13/07/2026 03:17 - Politica
Avec la fin de la Coupe du Monde de Football 2026, le gouvernement de Javier Milei lance les moteurs de sa stratégie électorale pour les présidentielles de 2027. Selon des médias comme Cenital et La Nacion, le laboratoire libertarien se concentre sur la consolidation du pouvoir et l amélioration des chances de réélection.
Dans ce cadre, l ancien chef de cabinet, Guillermo Francos, s est montré optimiste quant à un nouveau mandat de Milei : « Je crois non seulement que c est nécessaire, mais en plus je crois qu il y parviendra », a-t-il affirmé.
Une des pierres angulaires du plan officiel est l élimination ou la suspension des PASO (Primaires Ouvertes, Simultanées et Obligatoires), un système unique en Argentine où tous les partis votent le même jour pour choisir leurs candidats. La théorie interne, impulsée par Santiago Caputo, soutient que sans primaires, un péronisme (le principal mouvement politique historique argentin) fragmenté verrait ses chances diminuées. Cependant, le parti La Libertad Avanza (LLA) n a pas encore les voix nécessaires au Sénat (ils ont besoin de 37 sénateurs et n en ont que 21) et fait face à la résistance du PRO, un parti de centre-droit dirigé par Patricia Bullrich.
Pour débloquer ce scénario, Diego Santilli agit comme pont de négociation avec des gouverneurs de l UCR (Union Civique Radicale, parti centriste) et du PRO. Le gouvernement évalue offrir un menu d options : concourir ensemble, présenter des listes propres pour diviser l opposition, ou ne pas présenter de candidats libertariens pour ne pas soustraire de voix aux alliés.
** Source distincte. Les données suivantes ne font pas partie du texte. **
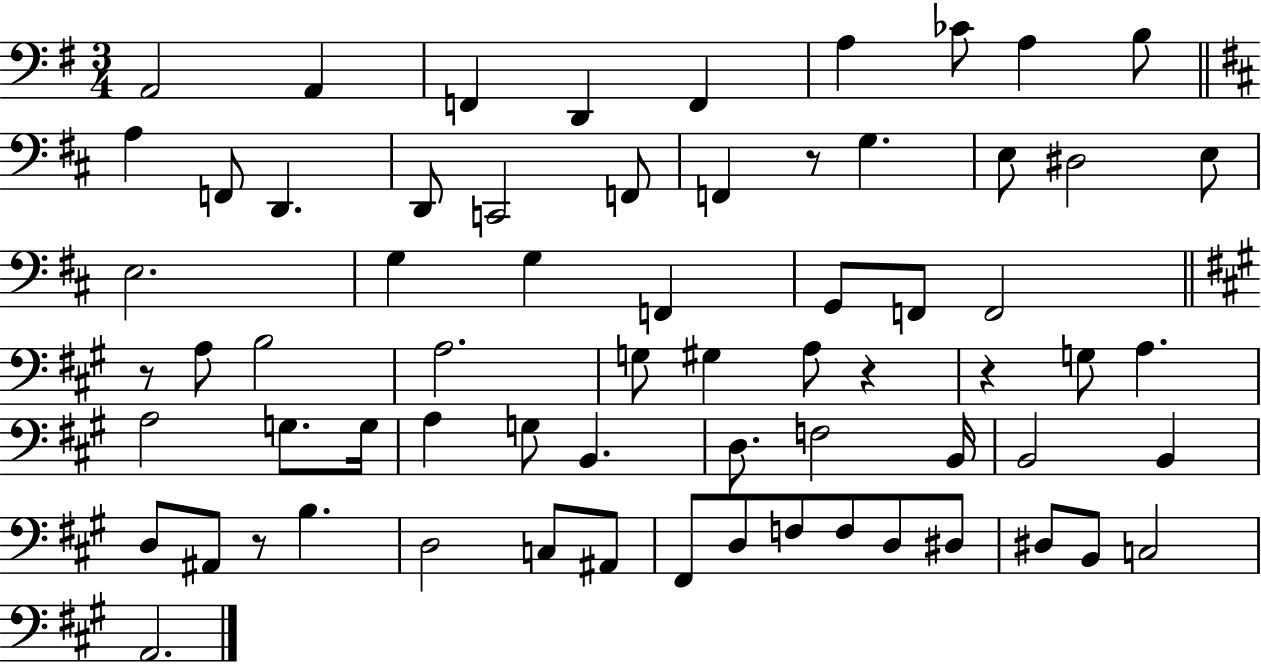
{
  \clef bass
  \numericTimeSignature
  \time 3/4
  \key g \major
  a,2 a,4 | f,4 d,4 f,4 | a4 ces'8 a4 b8 | \bar "||" \break \key d \major a4 f,8 d,4. | d,8 c,2 f,8 | f,4 r8 g4. | e8 dis2 e8 | \break e2. | g4 g4 f,4 | g,8 f,8 f,2 | \bar "||" \break \key a \major r8 a8 b2 | a2. | g8 gis4 a8 r4 | r4 g8 a4. | \break a2 g8. g16 | a4 g8 b,4. | d8. f2 b,16 | b,2 b,4 | \break d8 ais,8 r8 b4. | d2 c8 ais,8 | fis,8 d8 f8 f8 d8 dis8 | dis8 b,8 c2 | \break a,2. | \bar "|."
}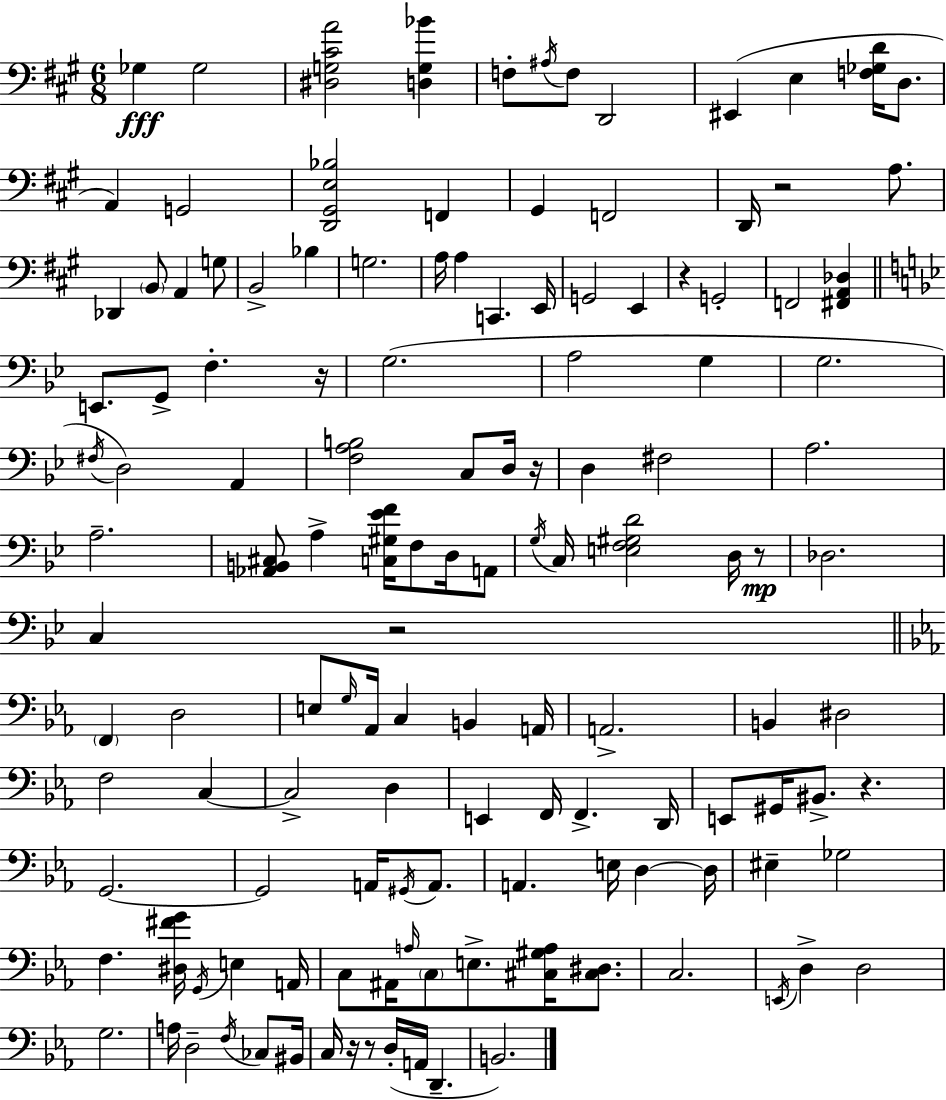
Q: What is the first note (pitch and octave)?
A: Gb3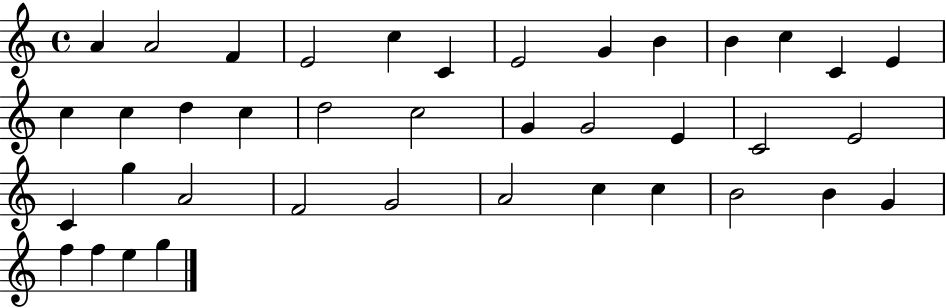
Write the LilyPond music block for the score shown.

{
  \clef treble
  \time 4/4
  \defaultTimeSignature
  \key c \major
  a'4 a'2 f'4 | e'2 c''4 c'4 | e'2 g'4 b'4 | b'4 c''4 c'4 e'4 | \break c''4 c''4 d''4 c''4 | d''2 c''2 | g'4 g'2 e'4 | c'2 e'2 | \break c'4 g''4 a'2 | f'2 g'2 | a'2 c''4 c''4 | b'2 b'4 g'4 | \break f''4 f''4 e''4 g''4 | \bar "|."
}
Le gouvernement prévoit également d envoyer au Congrès un paquet de réformes incluant une adaptation locale du mécanisme de shutdown (fermeture de l État) des États-Unis, qui s activerait en cas de déficit fiscal. Cette initiative, impulsée par Luis Caputo et Federico Sturzenegger, cherche à donner force de loi à l excédent budgétaire.
Le dessin électoral libertarien envisage un scénario de faible participation aux urnes. Selon des données de la Chambre Électorale Nationale (CNE), l abstention aux élections générales de 2025 a atteint 34,52 % chez les jeunes de 18 à 30 ans. Le laboratoire libertarien croit qu un noyau dur de votants pourrait étirer 32 % d intention de vote jusqu au 40 % nécessaire pour éviter le ballottage (second tour électoral).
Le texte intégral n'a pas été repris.